D’abord, j’ai tout voulu envoyer valser. Mais je n’étais pas adulte encore, à 25 ans, j’étais une lesbienne adolescente. En perpétuelle rébellion. Et ça résistait au fond de moi : l’épilation, le maquillage, les robes, les talons, les régimes… J’étais scindée en deux, celle que j’avais appris à être et celle que je voulais être. Alors, pour garder quelques repères, et être pleinement adulte, je me suis dit que peut-être, éventuellement, je pourrais adopter ce schéma, la famille, le mariage, les enfants. Je me suis trouvée une autre prison, c’était une chrysalide. Comme s’il fallait pour être en paix avec moi-même que je garde ces rêves d’enfant, que je puisse dire « voilà où je me rêvais, voilà où je suis ». Ce qui m’a construite m’a aussi enfermée. Ce monde n’est pas fait pour nous et nous luttons pour tenir dans les bornes d’un univers étriqué. Grandir est une violence, et je n’étais pas prête à ça. Courir après moi-même, courir après des rêves qui n’étaient peut-être au fond même pas les miens. Qu’est-ce qu’il reste de nous quand on brise la cage ?
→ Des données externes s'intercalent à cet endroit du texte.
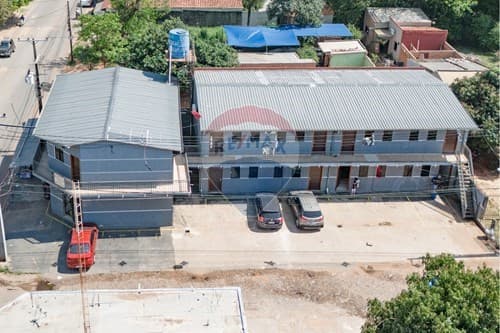 Edificio en Ñemby con Renta Activa — foto 2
Quelle est dure la haine de soi, de ses désirs, de son bonheur ! Je me suis abîmée dans ce que des siècles de culture et de littérature dominantes avaient écrits pour moi. Je n’étais pas adulte encore, à l’âge où mes pairs entraient dans le moule. Et petit à petit dans cette lutte j’ai trouvé de la beauté, de la force et d’autres pairs. Des amis, des sœurs. J’ai résisté encore et j’ai aussi fait la paix avec les rêves de petite fille, je suis passée au-dessus de la faille qui m’ouvrait en deux. Petit à petit, je suis devenue, non pas celle que j’avais longtemps voulu être mais celle que j’étais enfin. Je vois les années défiler, j’ai atteint depuis longtemps cet horizon du « quand je serai grande ». Et pourtant.
Et pourtant je ne suis pas sûre d’y être arrivée. Je panse mes blessures qui puisent en partie leur source dans ces images éthérées dont on ne sait même pas qu’elles sont là. Et si je regarde ce cheminement, celui qui a été si dur que j’en garde les stigmates dans ma chair, si je regarde en arrière, je vois que je n’ai jamais avancé seule. J’ai pris des voies qui étaient en fait des impasses, j’ai payé cher le prix de mes errements. Mais j’ai rencontré des êtres que la norme a broyés, à chaque fois d’une manière différente, mais toujours violemment. J’ai tâtonné longtemps mais ce chemin n’est pas solitaire. Je crois que je suis adulte aujourd’hui, j’ai renoncé à celle que j’avais cru devoir être mais j’y ai trouvé une communauté. Des gens qui ont construit des parcours, à leur rythme, face à l’adversité, toujours la norme, toujours les codes.
Chacun·e à notre manière nous nous sommes extirpé·es de ce que l’on aurait dû être. Nous sommes mieux. Et il y a dans la solidarité qui nous unit une force bien plus grande, une puissance qui ne peut être contenue. Nous avons goûté à la liberté du dehors, du bizarre, de l’anormalité. Et nous y sommes bien. Alors vous ne prendrez pas notre bonheur en nous forçant à revenir en arrière. Vous pouvez brandir des valeurs éculées : votre monde est trop fade, trop étroit pour nous. Nous sommes innombrables et nous connaissons le vrai goût de la vie.
Mettez-nous à la marge : on y dansera sur des barricades. Je suis l’adulte que je devais être, le poing levé et des convictions qui coulent dans mes veines. Vous n’arrêterez pas le bonheur qui s’avance. Le chemin est sinueux mais nous arrivons à peine. Nous chauffons nos voix pour crier nos colères et nous écraserons vos dogmes mortifères.